** STORED DATA follows **

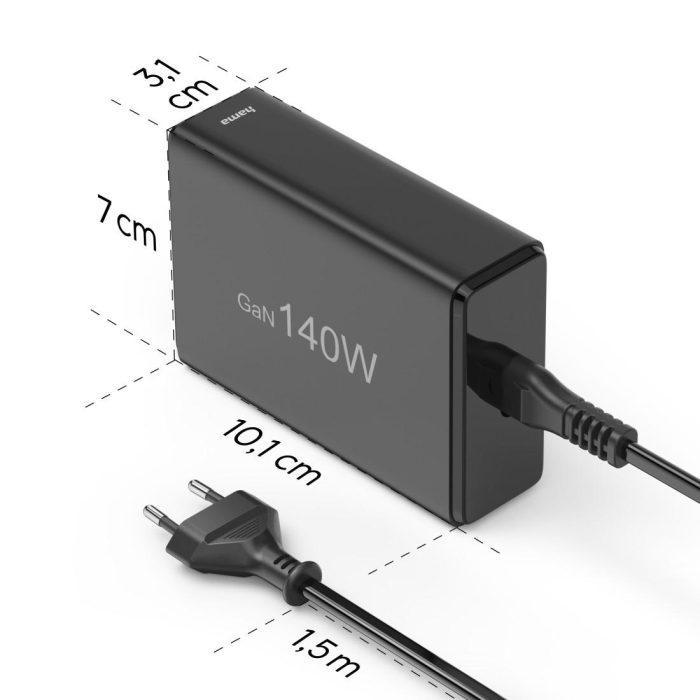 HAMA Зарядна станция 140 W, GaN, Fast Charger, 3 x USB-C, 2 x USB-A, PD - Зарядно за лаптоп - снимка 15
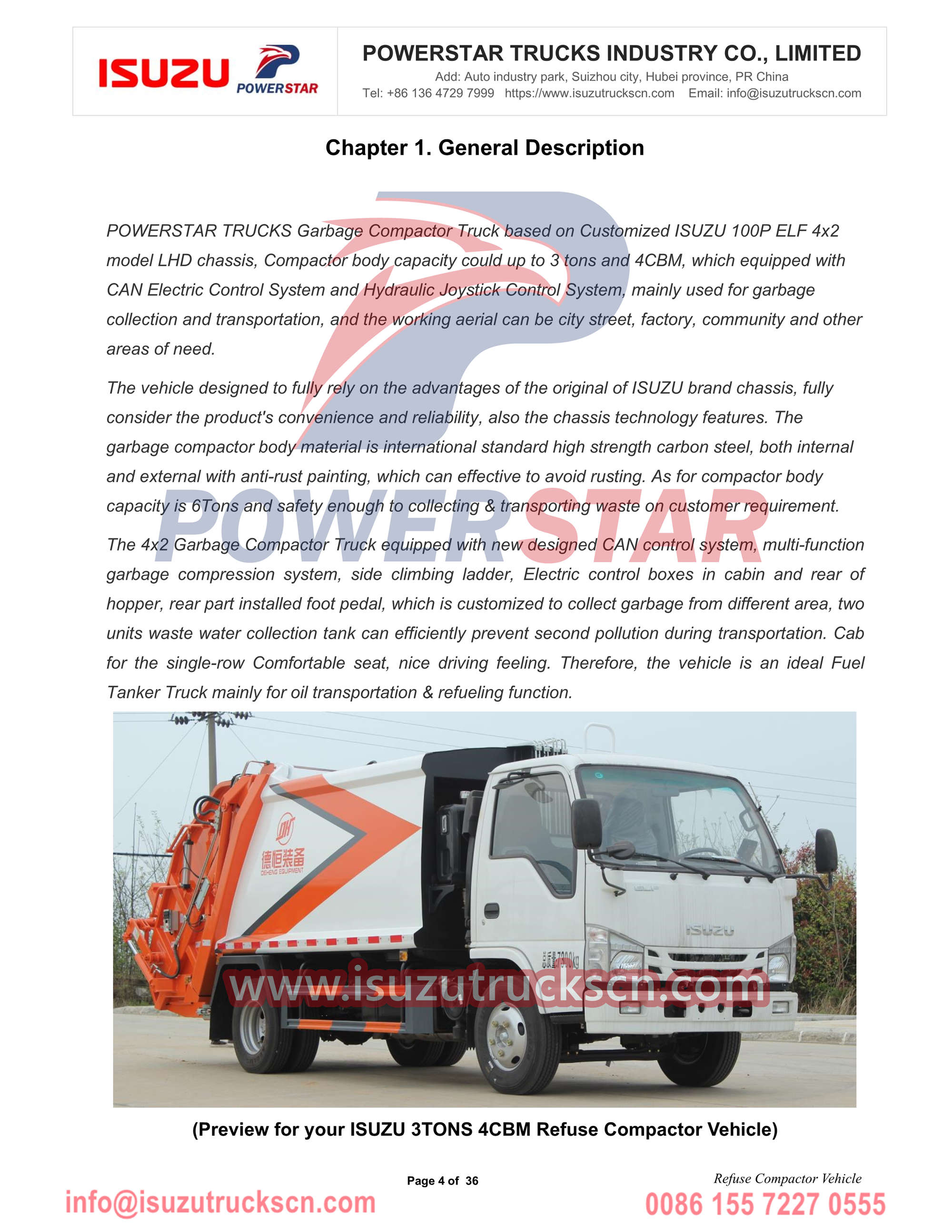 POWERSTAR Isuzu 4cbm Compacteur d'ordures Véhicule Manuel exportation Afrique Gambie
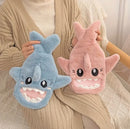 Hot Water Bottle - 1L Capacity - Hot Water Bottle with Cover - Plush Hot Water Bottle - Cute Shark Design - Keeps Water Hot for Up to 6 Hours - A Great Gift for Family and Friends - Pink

** End of STORED DATA **

◆ **ASSIGNED TASK**
Repeat the listing above up to and including the line with "POWERSTAR Isuzu 4cbm", starting from its first line. Drop any pictures.

◆ **TASK RESULT**
 HAMA Зарядна станция 140 W, GaN, Fast Charger, 3 x USB-C, 2 x USB-A, PD - Зарядно за лаптоп - снимка 15
 POWERSTAR Isuzu 4cbm Compacteur d'ordures Véhicule Manuel exportation Afrique Gambie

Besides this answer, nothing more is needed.